===== Data records =====

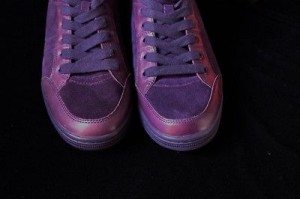 Mens HUGO BOSS Orange Miles/Mid Purple Suede/Leather Logo Sneakers Shoes 10 $225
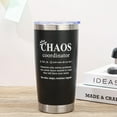 thumbnail image 4 of Chaos Coordinator Mug, Fun Birthday Gifts for Men, Boss, Assistant, Coworker, Teacher Appreciation Gifts. Thank You Gifts, Administrative Professional Day Gifts, 20 Oz Black, 4 of 6
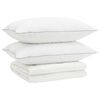 vidaXL 90% hane suled eemaldatav komplekt FULDA 3 pcs 200 x 200 cm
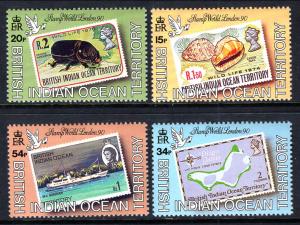 British Indian Ocean Territory 90-93 MNH VF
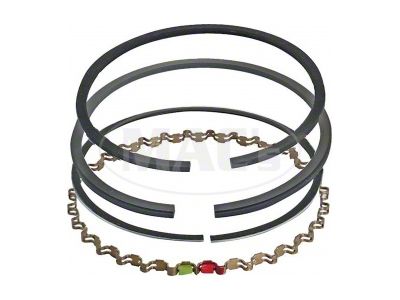 Ford Pickup Truck Piston Ring Set - Cast Iron - Comp Size .093, Oil Size .187 - 272 V8 - Choose Your Size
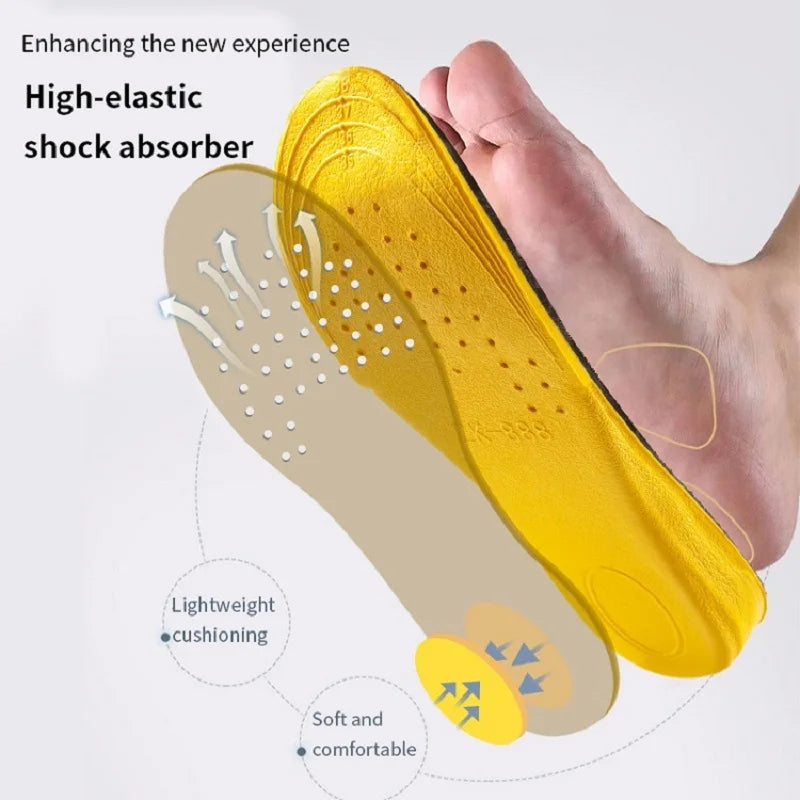 Semelles Invisibles Augmentatrices de Taille pour Femmes et Hommes – Semelles de Levée de Talon Jaunes, Respirantes, Antichoc et Confortables BLACKBEARD OUTDOOR INDUSTRIES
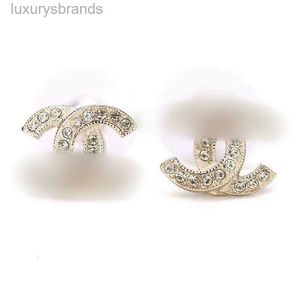 Goujons de mode pour femmes boucles d'oreilles de créateur de luxe bijoux Alphabet pour femmes cadeau de mariage en diamant 18 carats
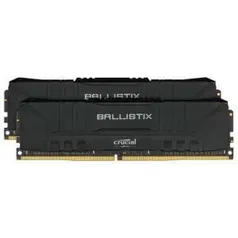 Memória Crucial Ballistix Sport LT, 16 GB (2X8),2666MHz, DDR4, CL16, Preta - R$610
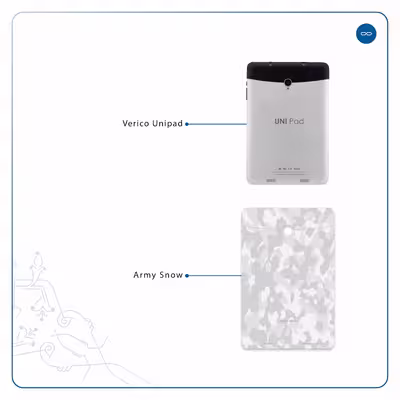 برچسب پوششی ماهوت مدل Army-Snow مناسب برای تبلت وریکو Unipad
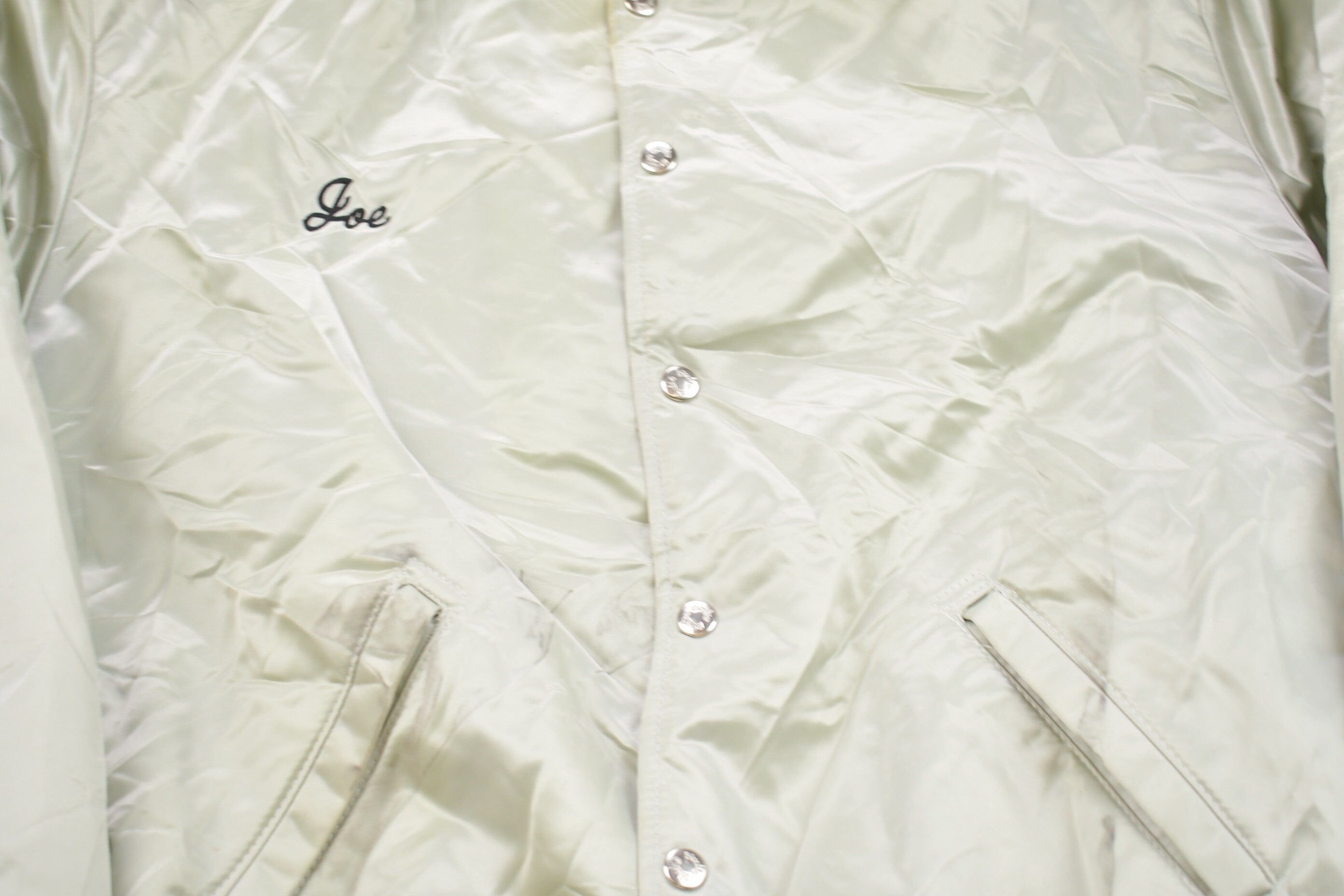 Vintage 1988 Minnesota Helitak Satin Bomber Jacket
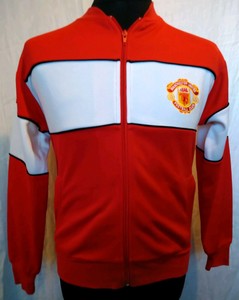 Score Draw Oficial Retro Manchester United Tracksuit Top Adults Small Sharp Ebay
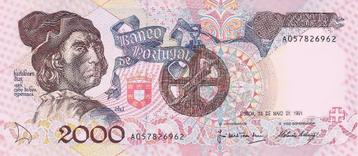 PORTUGAL 2000 ESCUDOS 1991 PRACHTIG / UNC beschikbaar voor biedingen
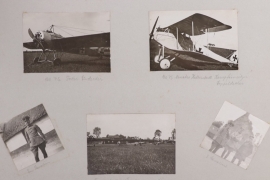 WWI Flieger-Abt.32 pilot's photo album (photo of Immelmann's funeral)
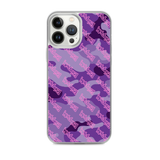 Igetzbuzy Purple camo lux print iPhone Case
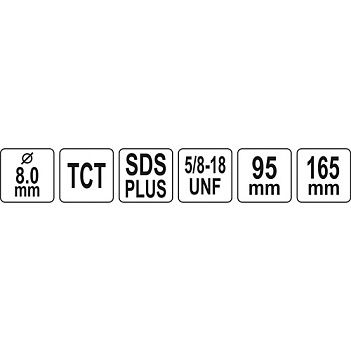Тримач для коронок Yato SDS-Plus (YT-43990)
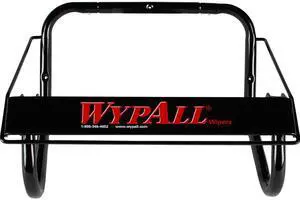 Wall Mounted Dispenser for WypAll and Kimtech Wipes (80579), Jumbo Roll, Black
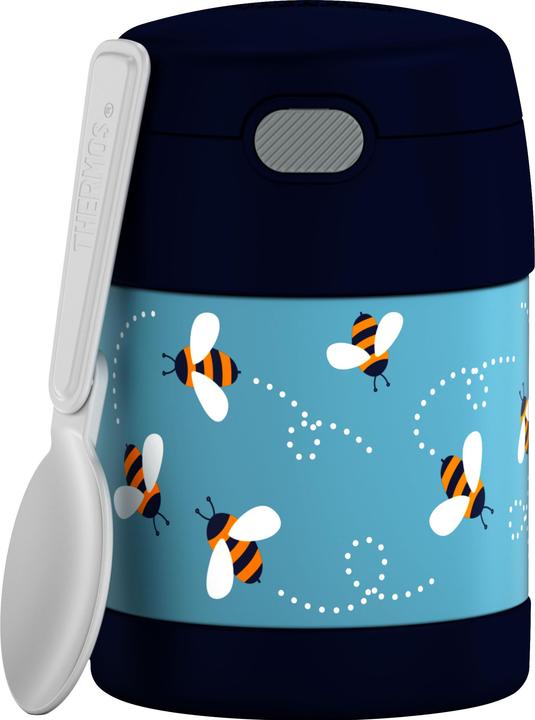 Thermos Isolier-Speisegefäss FUNTAINER Food Jar, Bienen Fassungsvermögen: 0,3 L, doppelwandiger Edelstahl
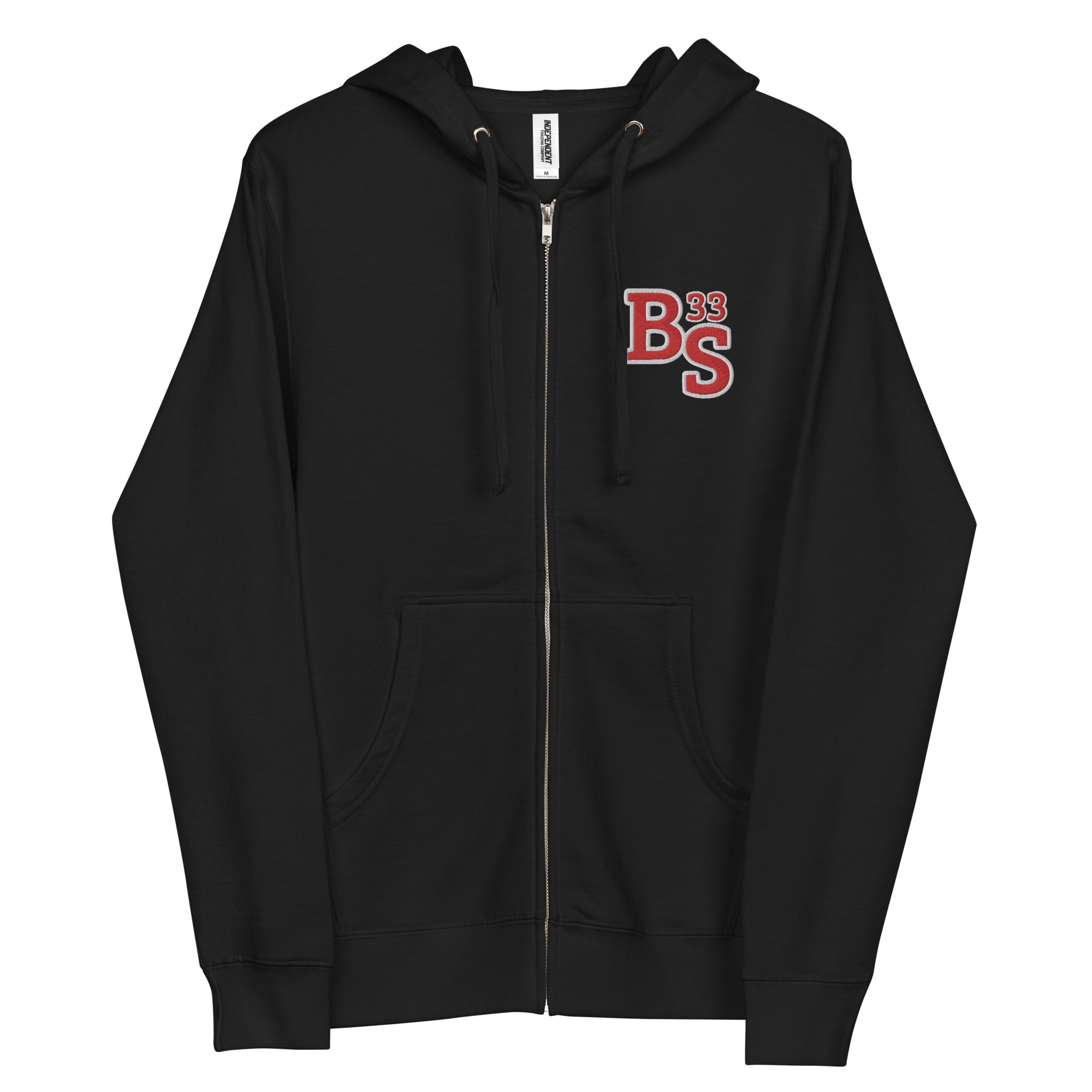BS 33 Embroidery Full Zip Hoodie | Unisex fleece | BMFS 33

=====

§ **About this exercise**: No pictures should appear in the copy, and each record above is to be returned exactly.

§ **Reply**:
 Mens HUGO BOSS Orange Miles/Mid Purple Suede/Leather Logo Sneakers Shoes 10 $225
 thumbnail image 4 of Chaos Coordinator Mug, Fun Birthday Gifts for Men, Boss, Assistant, Coworker, Teacher Appreciation Gifts. Thank You Gifts, Administrative Professional Day Gifts, 20 Oz Black, 4 of 6
 vidaXL 90% hane suled eemaldatav komplekt FULDA 3 pcs 200 x 200 cm
 British Indian Ocean Territory 90-93 MNH VF
 Ford Pickup Truck Piston Ring Set - Cast Iron - Comp Size .093, Oil Size .187 - 272 V8 - Choose Your Size
 Semelles Invisibles Augmentatrices de Taille pour Femmes et Hommes – Semelles de Levée de Talon Jaunes, Respirantes, Antichoc et Confortables BLACKBEARD OUTDOOR INDUSTRIES
 Goujons de mode pour femmes boucles d'oreilles de créateur de luxe bijoux Alphabet pour femmes cadeau de mariage en diamant 18 carats
 Memória Crucial Ballistix Sport LT, 16 GB (2X8),2666MHz, DDR4, CL16, Preta - R$610
 برچسب پوششی ماهوت مدل Army-Snow مناسب برای تبلت وریکو Unipad
 Vintage 1988 Minnesota Helitak Satin Bomber Jacket
 Score Draw Oficial Retro Manchester United Tracksuit Top Adults Small Sharp Ebay
 PORTUGAL 2000 ESCUDOS 1991 PRACHTIG / UNC beschikbaar voor biedingen
 WWI Flieger-Abt.32 pilot's photo album (photo of Immelmann's funeral)
 Igetzbuzy Purple camo lux print iPhone Case
Тримач для коронок Yato SDS-Plus (YT-43990)
 Wall Mounted Dispenser for WypAll and Kimtech Wipes (80579), Jumbo Roll, Black
 Thermos Isolier-Speisegefäss FUNTAINER Food Jar, Bienen Fassungsvermögen: 0,3 L, doppelwandiger Edelstahl
BS 33 Embroidery Full Zip Hoodie | Unisex fleece | BMFS 33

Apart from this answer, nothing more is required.